INSTRUCTIONS FOR THE TASK:
Below this line are records; transcribe exactly the lines between the one holding "Llave Térmica Generador" and the one holding "Vibratore Realistico Bungee", inclusive, and omit the pictures.

DATA FOR REVIEW:
----

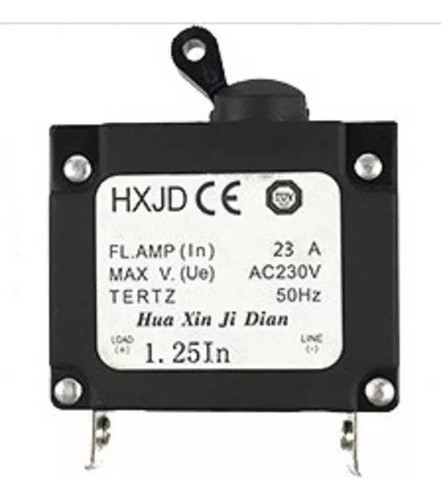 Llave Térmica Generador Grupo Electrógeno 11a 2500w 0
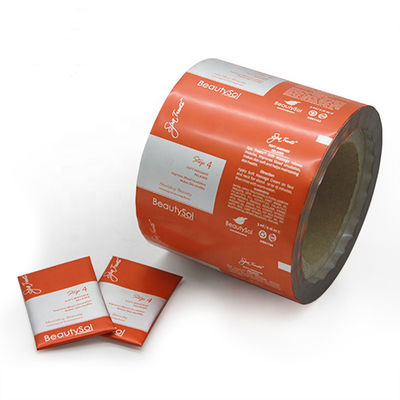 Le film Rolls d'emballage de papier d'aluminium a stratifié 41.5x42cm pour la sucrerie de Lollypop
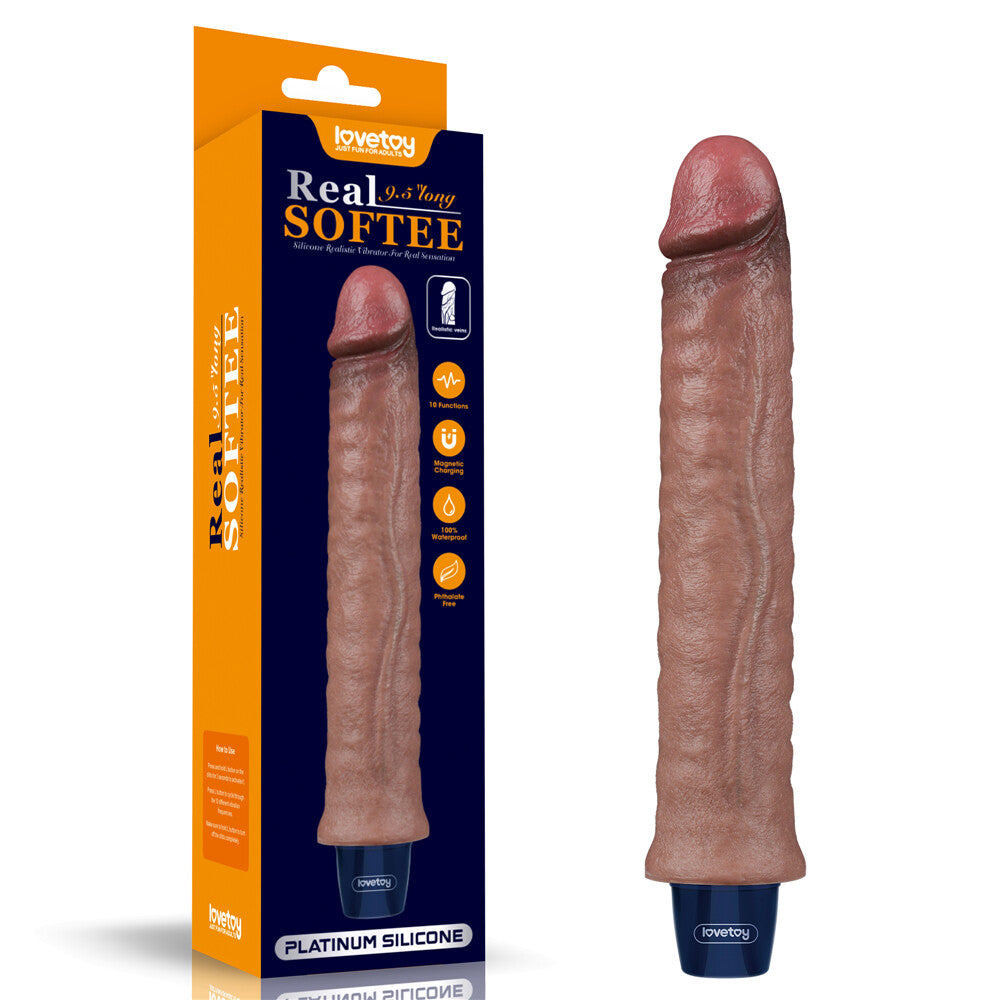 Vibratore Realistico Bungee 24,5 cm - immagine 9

----

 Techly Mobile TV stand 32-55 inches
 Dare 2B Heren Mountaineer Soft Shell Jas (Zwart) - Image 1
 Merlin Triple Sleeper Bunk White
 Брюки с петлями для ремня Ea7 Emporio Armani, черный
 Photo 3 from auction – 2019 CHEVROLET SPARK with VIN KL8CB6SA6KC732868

----

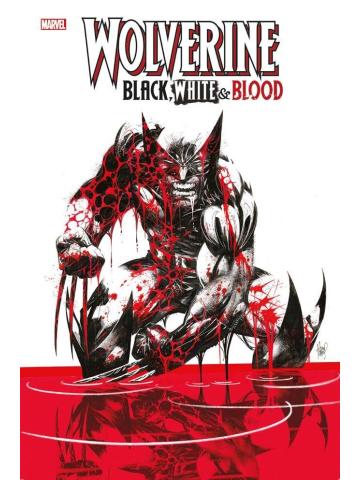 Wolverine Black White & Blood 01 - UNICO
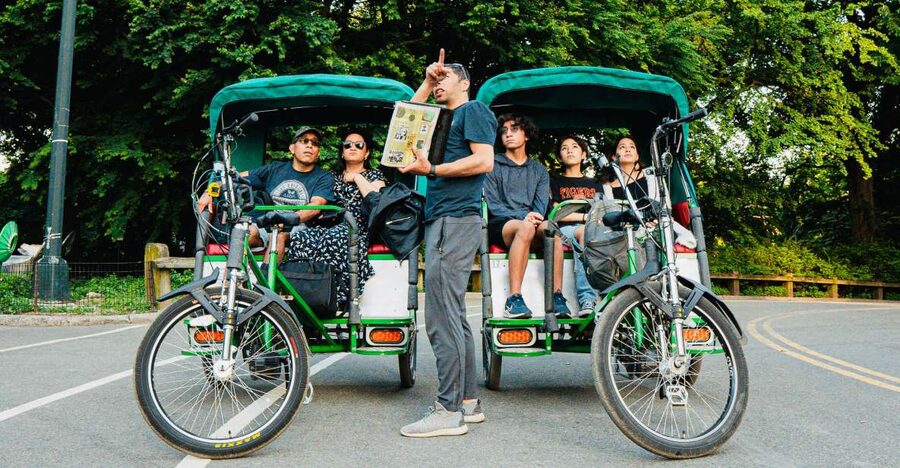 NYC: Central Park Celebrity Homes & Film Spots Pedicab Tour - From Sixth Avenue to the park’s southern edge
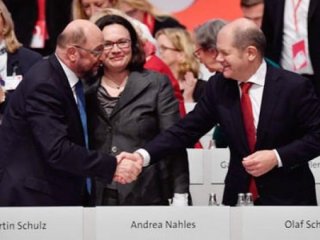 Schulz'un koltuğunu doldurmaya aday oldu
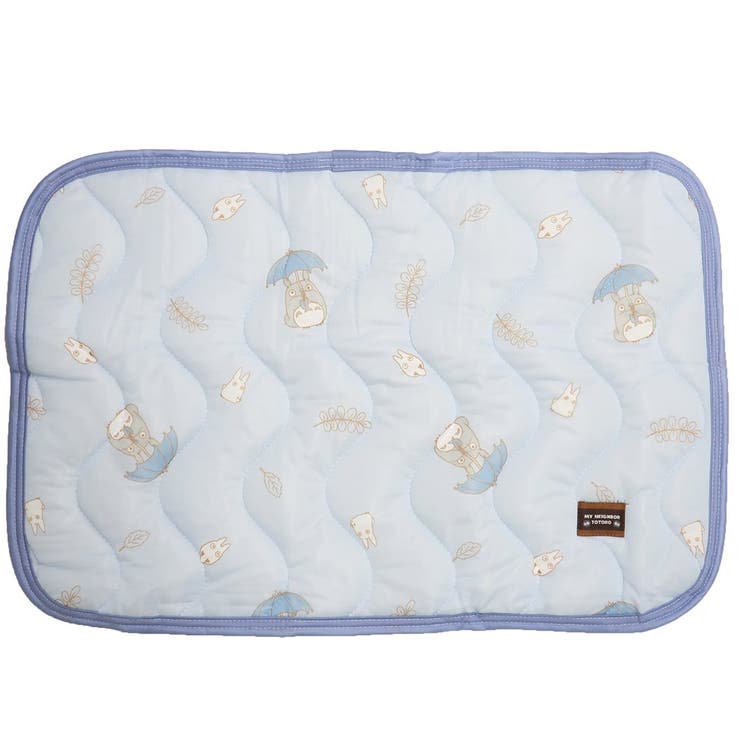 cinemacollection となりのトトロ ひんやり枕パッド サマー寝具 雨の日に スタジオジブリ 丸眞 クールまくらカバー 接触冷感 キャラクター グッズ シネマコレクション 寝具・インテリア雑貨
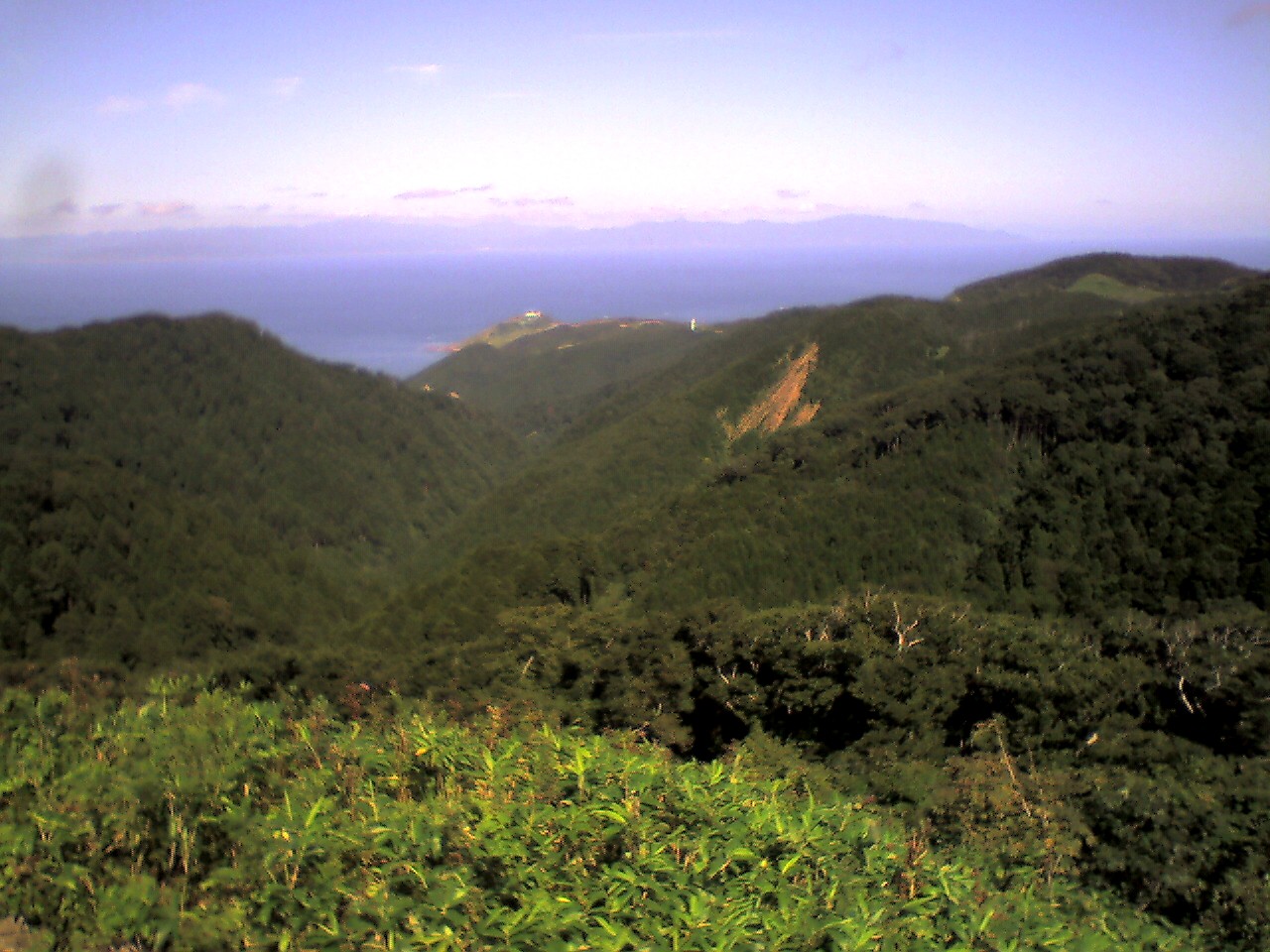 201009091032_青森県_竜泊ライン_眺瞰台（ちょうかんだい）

----

TASK RESPONSE:
 Llave Térmica Generador Grupo Electrógeno 11a 2500w 0
 Le film Rolls d'emballage de papier d'aluminium a stratifié 41.5x42cm pour la sucrerie de Lollypop
 Vibratore Realistico Bungee 24,5 cm - immagine 9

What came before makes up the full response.